The present study is part of a project on ASD screening at the 30-month well-child visit at primary healthcare centers (PHCs) in the capital area of Reykjavik. The first phase of the project focused on the education of well-child care professionals and the implementation of ASD screening using the M-CHAT-R/F13. The second phase evaluated the ability of the M-CHAT-R/F to detect ASD and calculated the test’s sensitivity and specificity14. The aim of this population-based study, the third phase of the project, was to evaluate the rate of ASD in the group invited to the screening program in comparison with the rates in two groups who received usual care.
Methods
This is a prospective comparison study. The population eligible for screening included all children in Iceland registered for their 30-month well-child visits at PHCs during the period from March 1, 2016, to October 31, 2017, a total of 7173 children, according to the National Registry. The National Registry is the basic register of the Icelandic population. It provides current information about Icelandic citizens and foreign citizens who are or have been domiciled in Iceland. It includes information of name, sex, birthplace, personal identity number, nationality, family relationship, and residential address. Based on the National Registry, information was obtained on the registration of an individual child to a particular PHC in the capital area. Using the National Registry, it was possible to count the children outside the capital area. The setting in the capital area of Reykjavik, Iceland, with its comprehensive health care and population registers, offers an opportunity to define and recruit populations and to assign them to different groups with the same inclusion and exclusion criteria: one which is invited to participate in a screening program for ASD while the other receives usual care. A nationwide database on diagnosed ASD cases at the State Diagnostic and Counseling Center (SDCC) ensured proper follow-up and rigorous establishing of the diagnoses without discrimination between children based on residence or ethnicity15.

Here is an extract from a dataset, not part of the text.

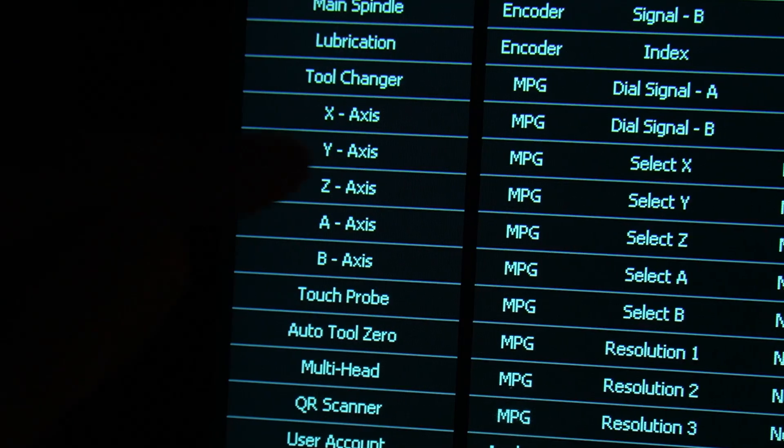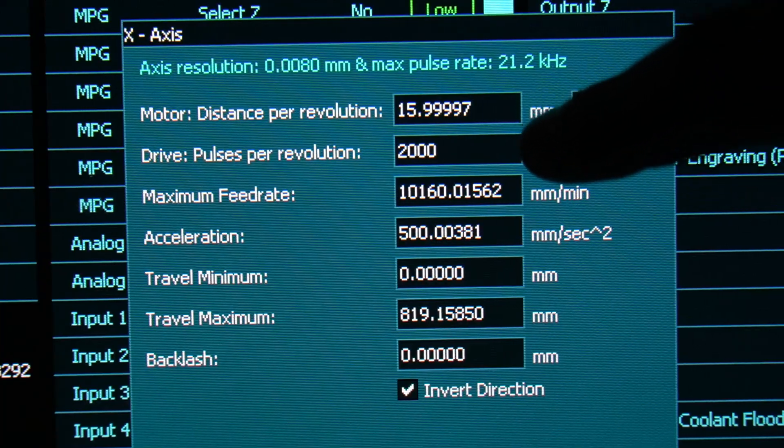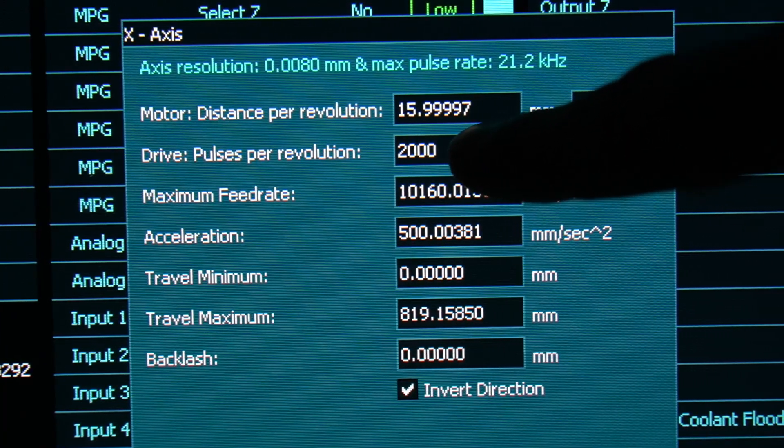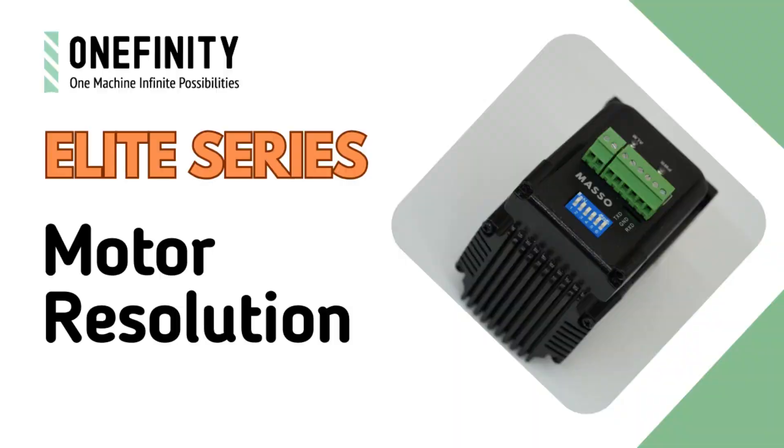When you double-click on an axis, you'll notice that the drive pulses per revolution has now changed from 400 to 2000. Double-check those settings to make sure they've taken, and now you're ready for smoother, higher-resolution carves. Happy carving!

The rationale for choosing the capital area of Reykjavik for screening, as opposed to other parts of the country, was based on accessibility: all the investigators worked in that area, and the SDCC, a governmental tertiary institution serving children with serious neurodevelopmental disabilities, is located there. Included in the capital area of Reykjavik are 17 PHCs. The plan for the screening project was introduced to the administrators of the Development Center for Primary Healthcare in Iceland and of the Primary Healthcare in the Capital Area, who all expressed their willingness to participate13. Description of the screening project was published in our previous studies13,14 and a summary is given later in this section.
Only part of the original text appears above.